Pictures with short captions:
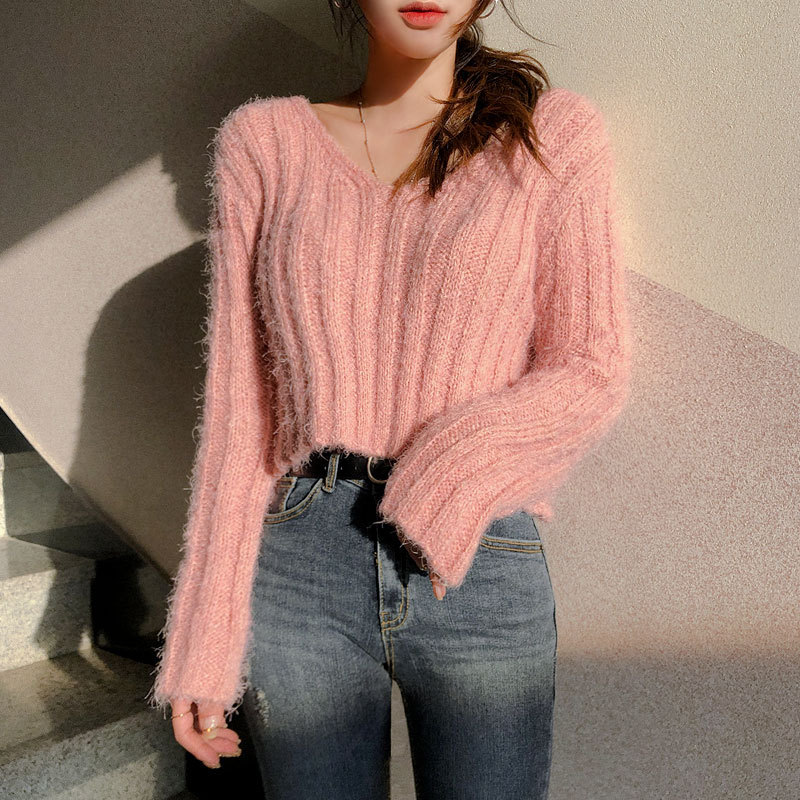 Korean chic style fashionable and playful V-neck pullover knitted top wearing loose and versatile short sweater for women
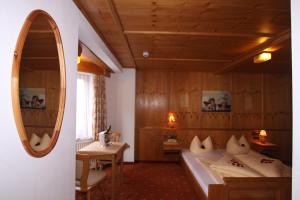 Postel nebo postele na pokoji v ubytování Waldhof + 30 fotografií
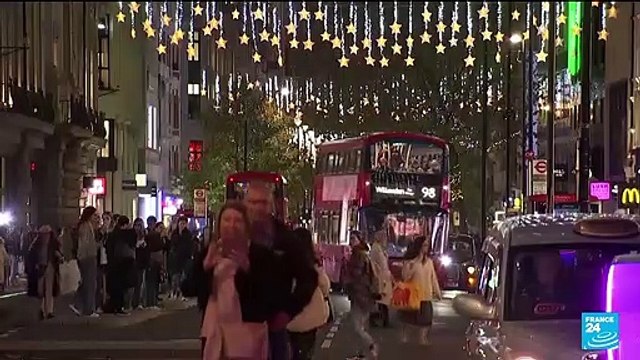 Covid-19 : face au variant Omicron, Boris Johnson annonce le durcissement des restrictions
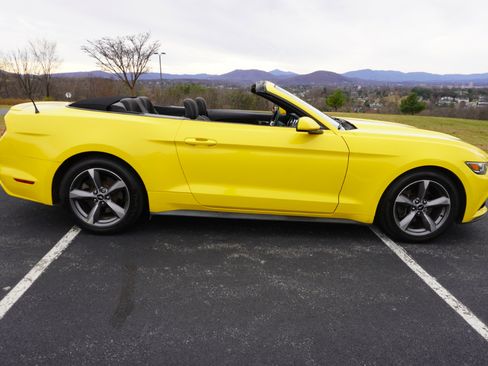 Used 2015 Ford Mustang Convertible w/ Equipment Group 051A image 23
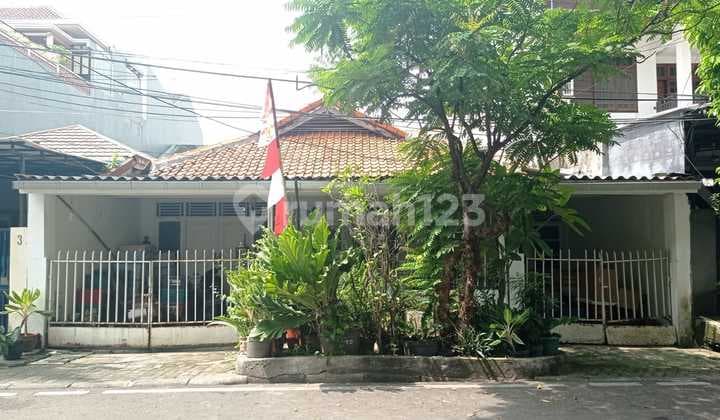 Jalan.pejompongan Cbd Jakarta Pusat Rumah.tua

Assigned task: Each line from the one holding "Used 2015 Ford" down to the end of the records is to be reproduced unaltered, and the pictures are to be omitted.

Answer space:
 Used 2015 Ford Mustang Convertible w/ Equipment Group 051A image 23
 Jalan.pejompongan Cbd Jakarta Pusat Rumah.tua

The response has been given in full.